WORK TO BE COMPLETED → Once you find the line with "Discoaster salisburgensis VR 29190" in the data below, transcribe exactly each line from there to the line with "Heirloom Mixed Butterfly", inclusive, and nothing else. Drop the pictures.

RECORDS TO USE →
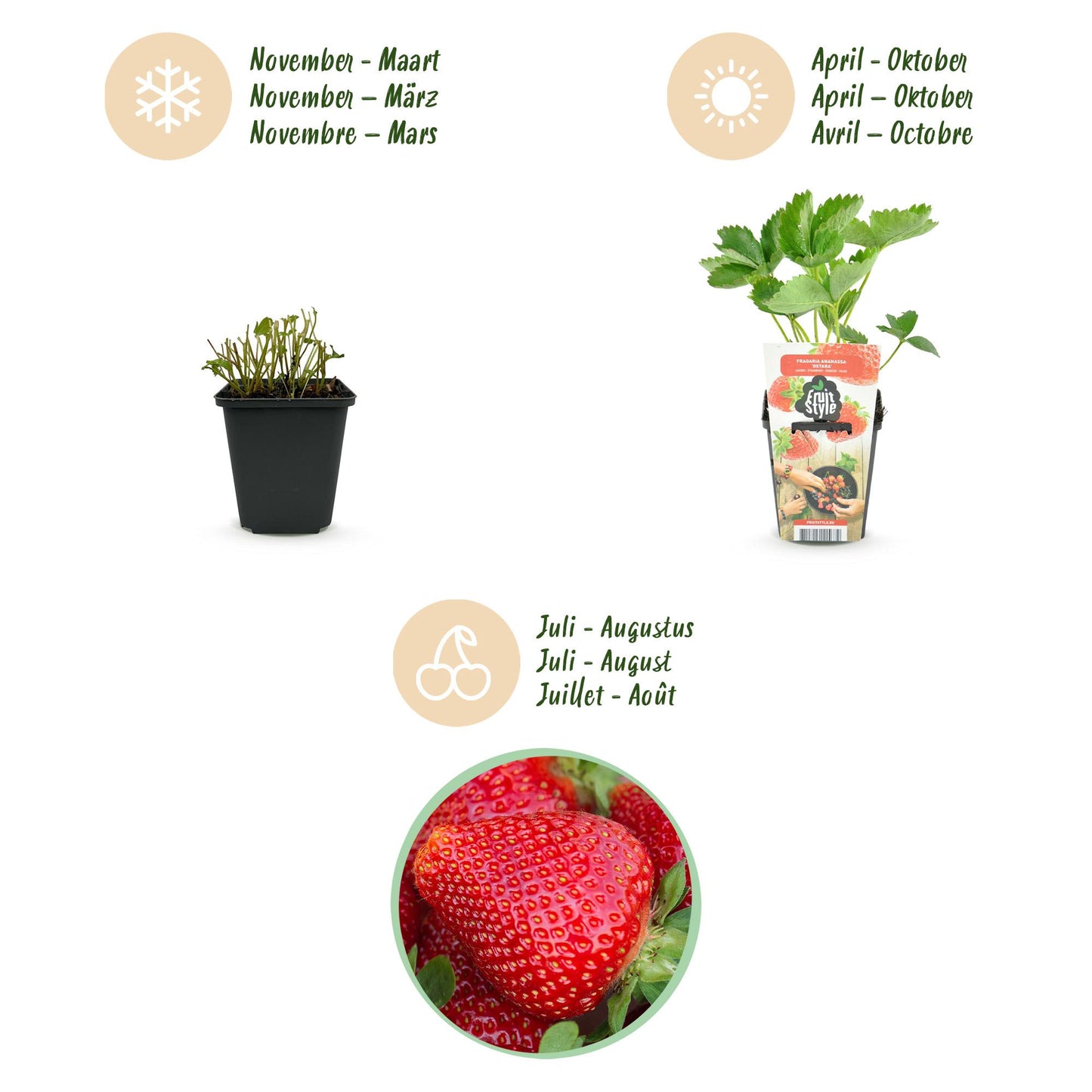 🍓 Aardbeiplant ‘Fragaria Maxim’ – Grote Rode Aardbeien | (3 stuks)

==

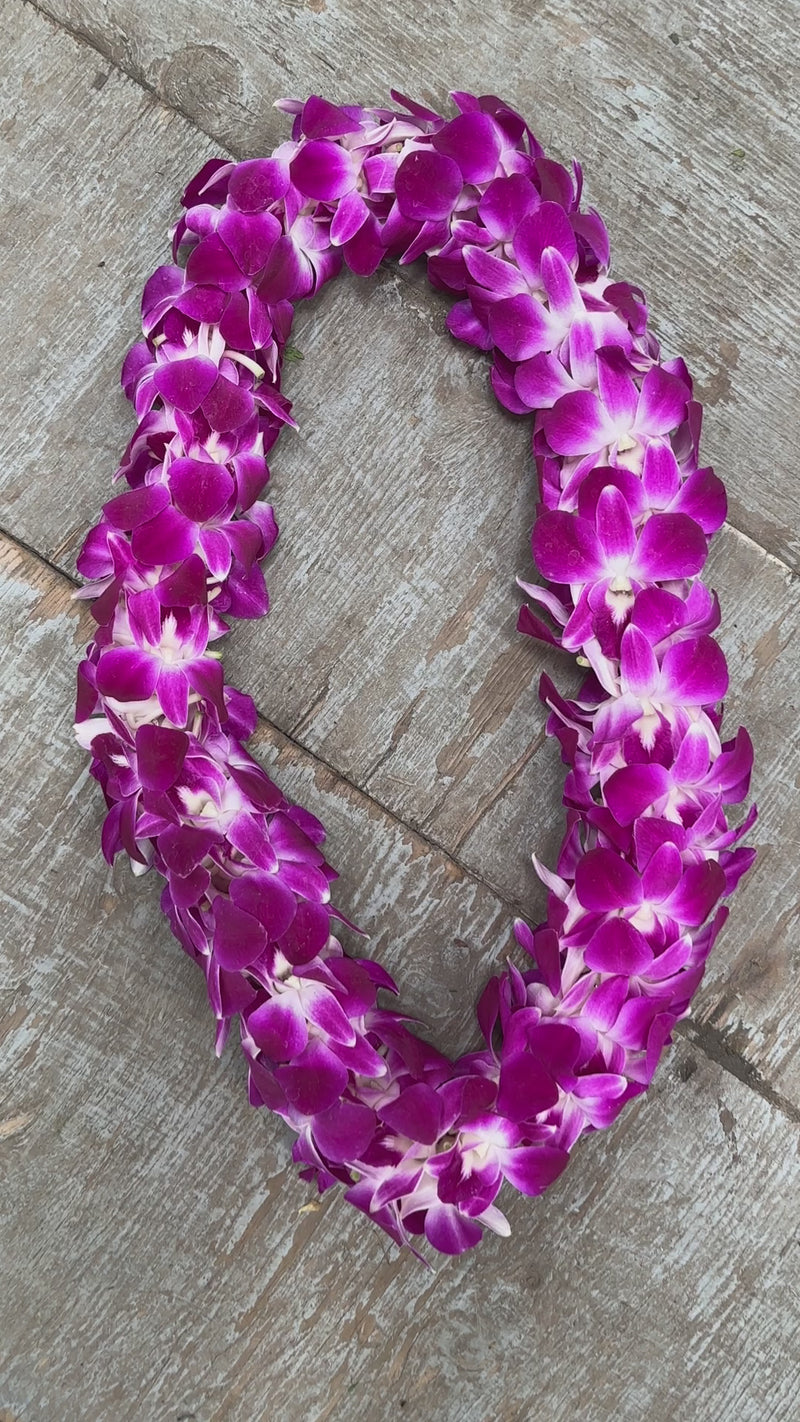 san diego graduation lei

...

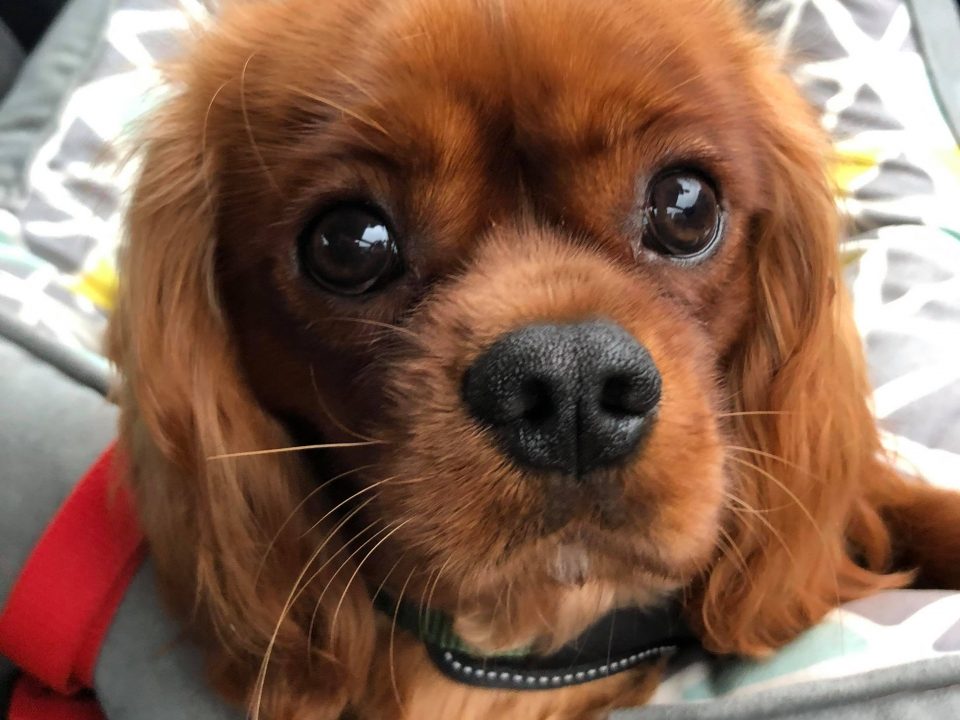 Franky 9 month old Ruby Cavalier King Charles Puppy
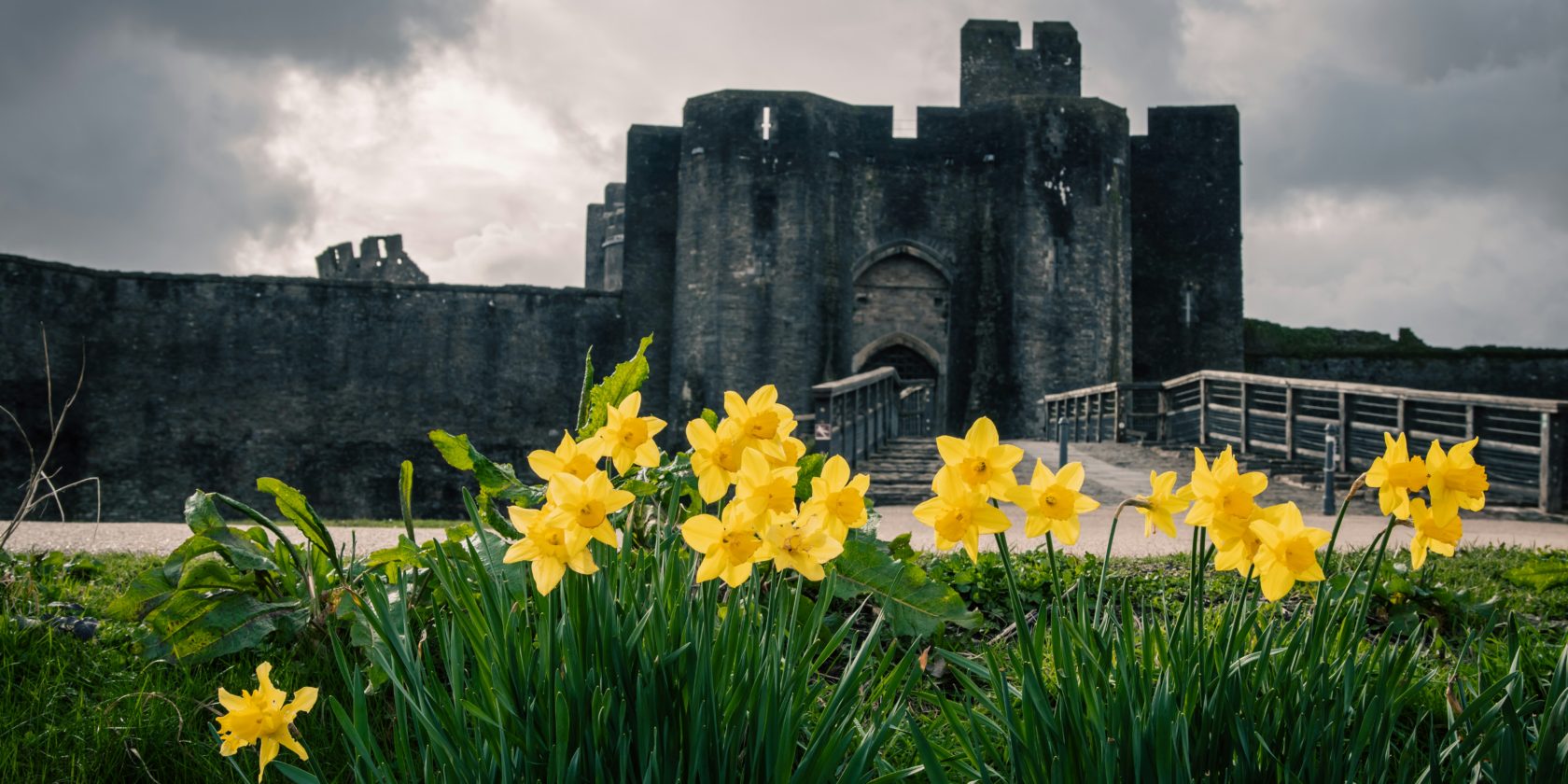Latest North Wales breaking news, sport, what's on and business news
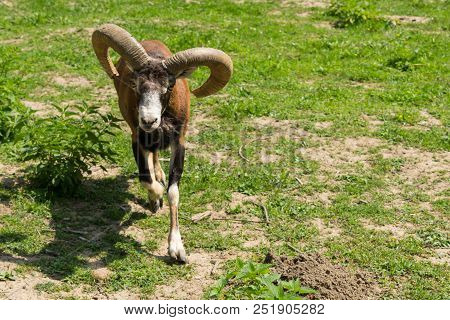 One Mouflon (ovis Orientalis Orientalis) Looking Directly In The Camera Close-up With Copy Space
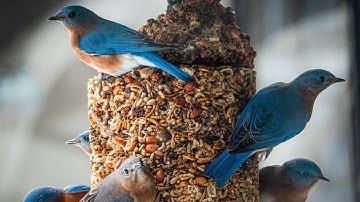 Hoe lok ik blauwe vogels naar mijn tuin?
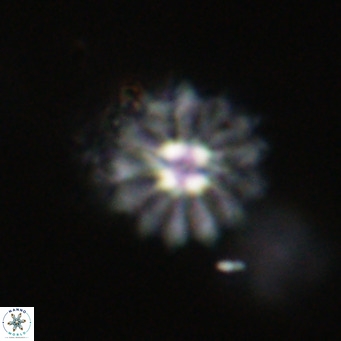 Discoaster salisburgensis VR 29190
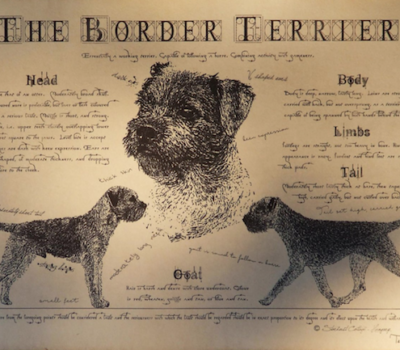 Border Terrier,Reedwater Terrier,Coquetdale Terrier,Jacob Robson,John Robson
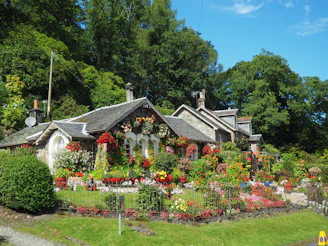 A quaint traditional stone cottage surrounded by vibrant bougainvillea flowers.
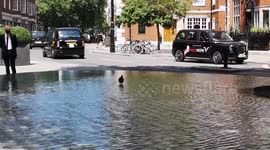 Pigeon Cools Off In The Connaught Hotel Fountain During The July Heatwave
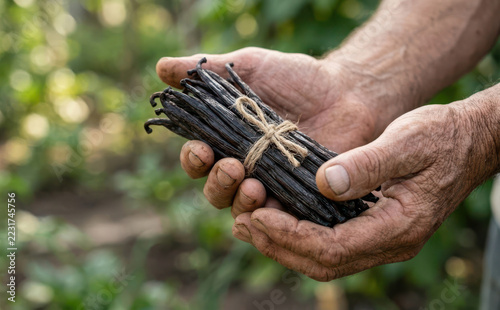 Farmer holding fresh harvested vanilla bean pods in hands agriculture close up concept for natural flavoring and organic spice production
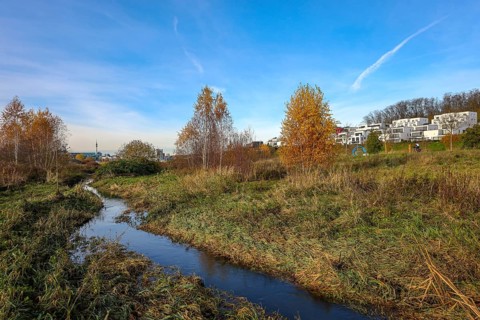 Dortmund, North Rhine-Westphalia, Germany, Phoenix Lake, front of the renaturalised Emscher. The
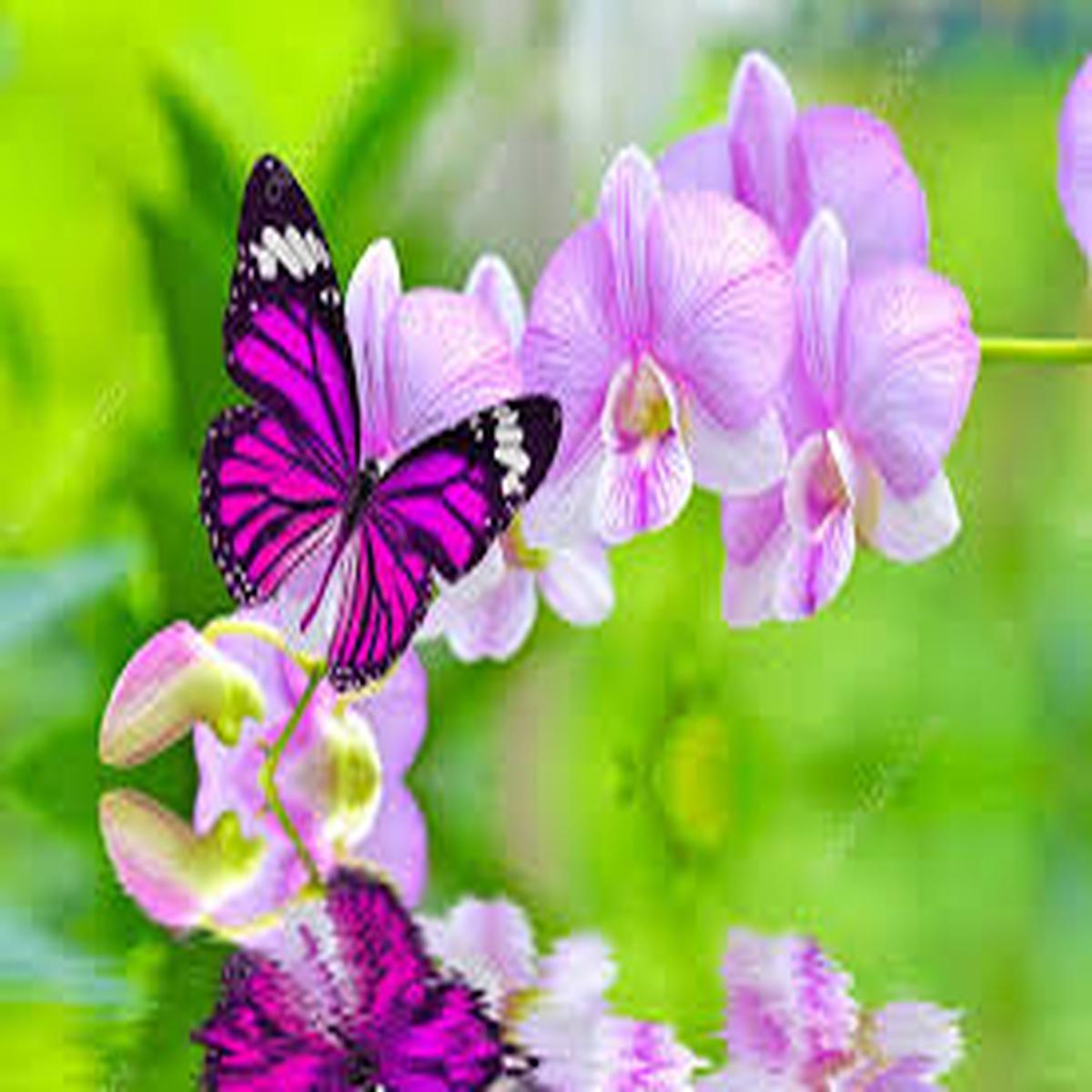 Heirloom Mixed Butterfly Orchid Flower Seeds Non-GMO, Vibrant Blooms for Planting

ANSWER TO THE EXERCISE →
 Discoaster salisburgensis VR 29190
 Border Terrier,Reedwater Terrier,Coquetdale Terrier,Jacob Robson,John Robson
 A quaint traditional stone cottage surrounded by vibrant bougainvillea flowers.
 Pigeon Cools Off In The Connaught Hotel Fountain During The July Heatwave
 Farmer holding fresh harvested vanilla bean pods in hands agriculture close up concept for natural flavoring and organic spice production
 Dortmund, North Rhine-Westphalia, Germany, Phoenix Lake, front of the renaturalised Emscher. The
 Heirloom Mixed Butterfly Orchid Flower Seeds Non-GMO, Vibrant Blooms for Planting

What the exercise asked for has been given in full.